§ **MATERIAL FOR THE TASK**

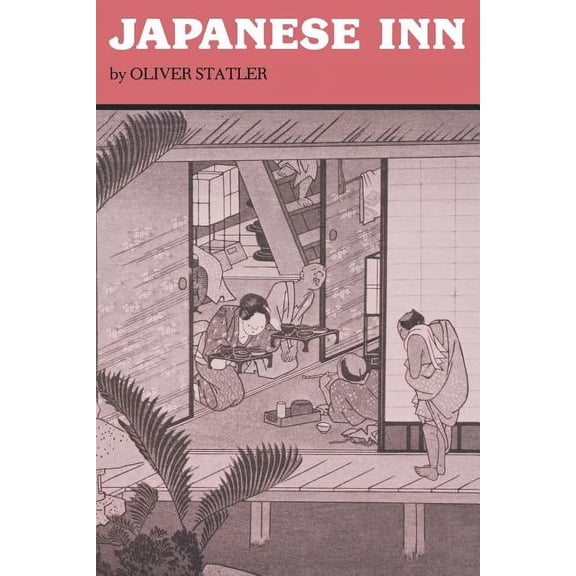 Japanese Inn, (Paperback)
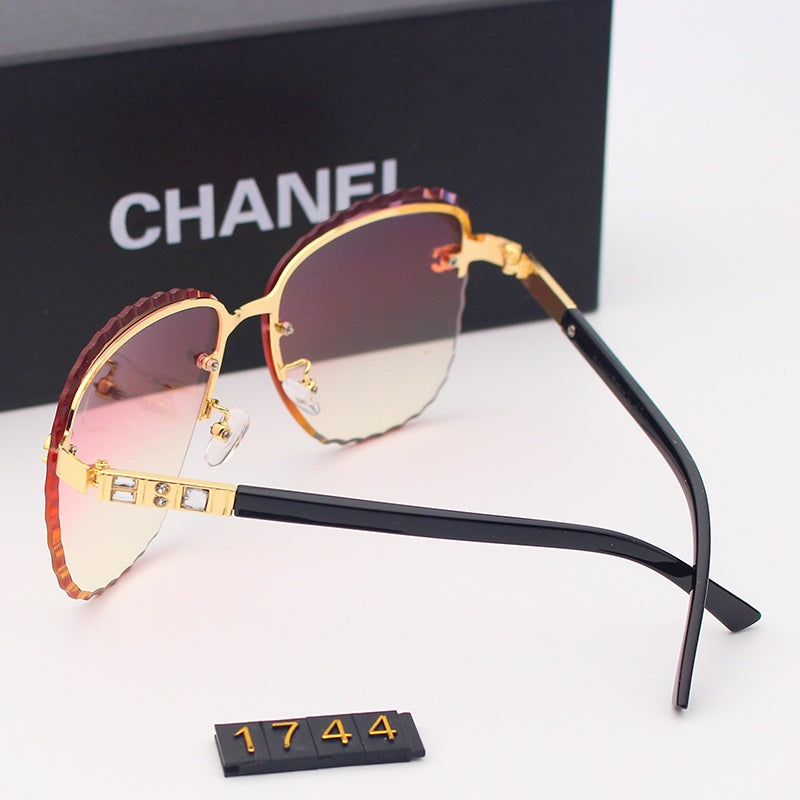 5 Color Women's Sunglasses—1744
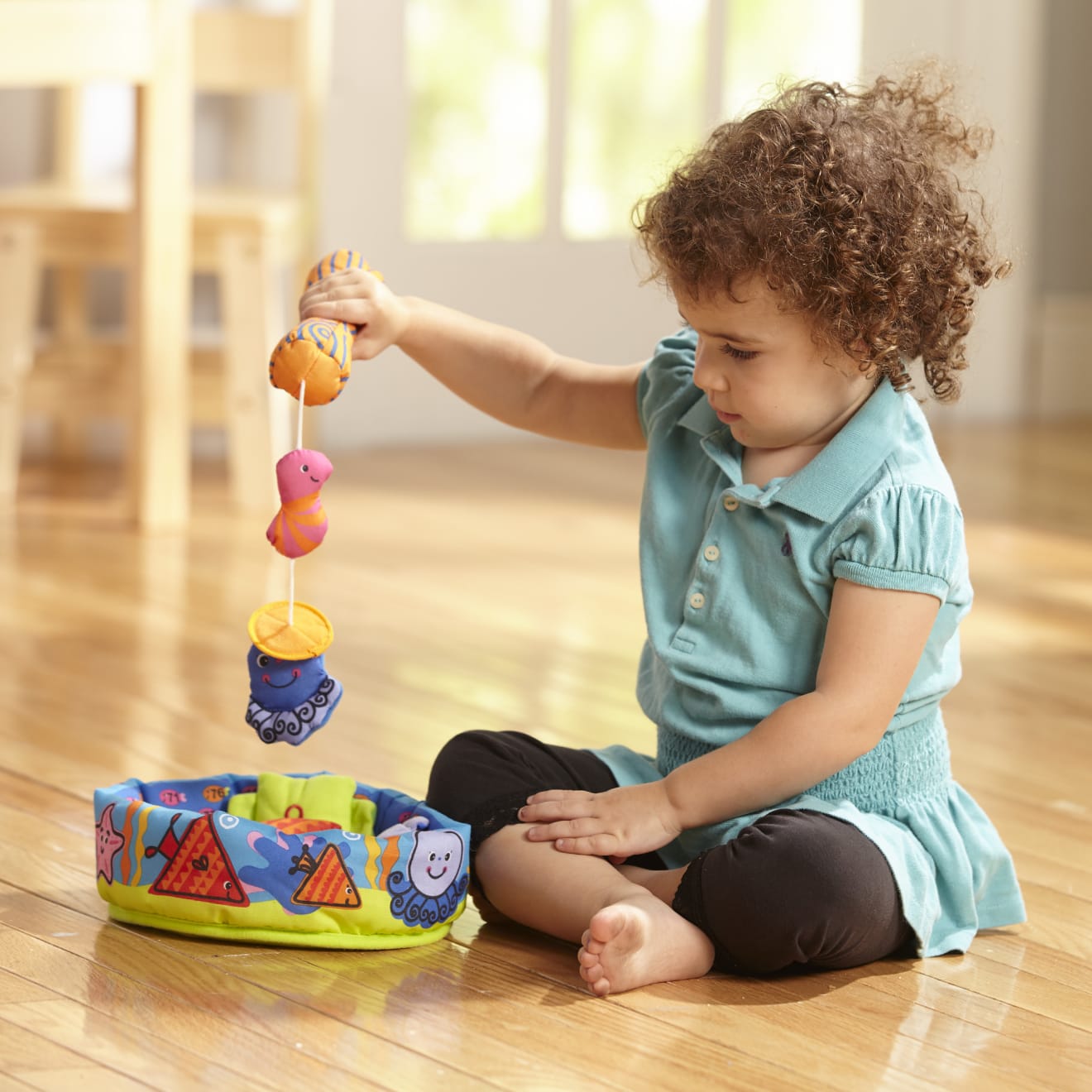 K's Kids  Fish & Count Learning Game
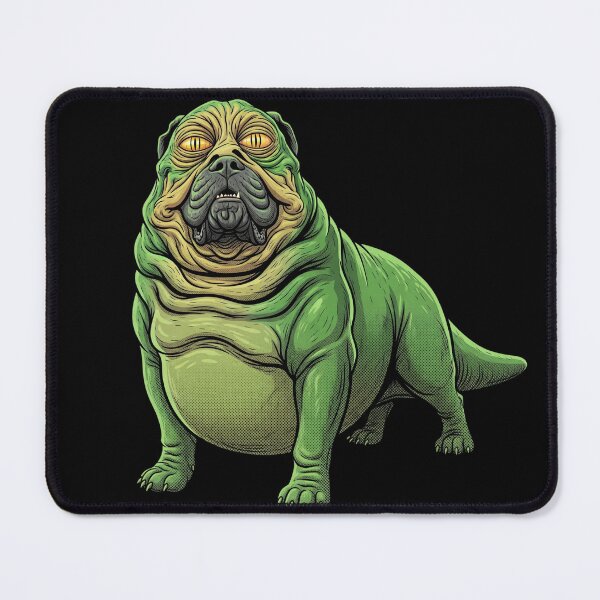 Item preview, Star Barks - Nappa, the Hutt designed and sold by Rex Vox.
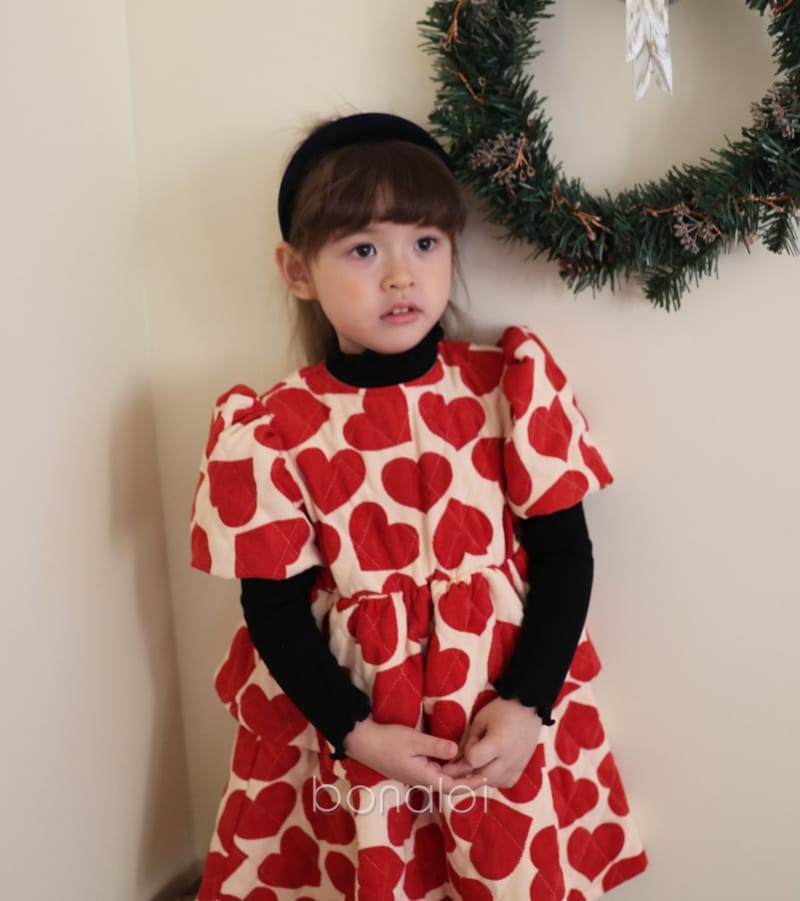 BONALOI - Korean Children Fashion - #Kfashion4kids - Riff Tee - 2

§ **EXERCISE OBJECTIVE**
Every record is to be repeated exactly, and no picture is carried over.

§ **ANSWER TO THE PROBLEM**
 Japanese Inn, (Paperback)
 5 Color Women's Sunglasses—1744
 K's Kids  Fish & Count Learning Game
 Item preview, Star Barks - Nappa, the Hutt designed and sold by Rex Vox.
 BONALOI - Korean Children Fashion - #Kfashion4kids - Riff Tee - 2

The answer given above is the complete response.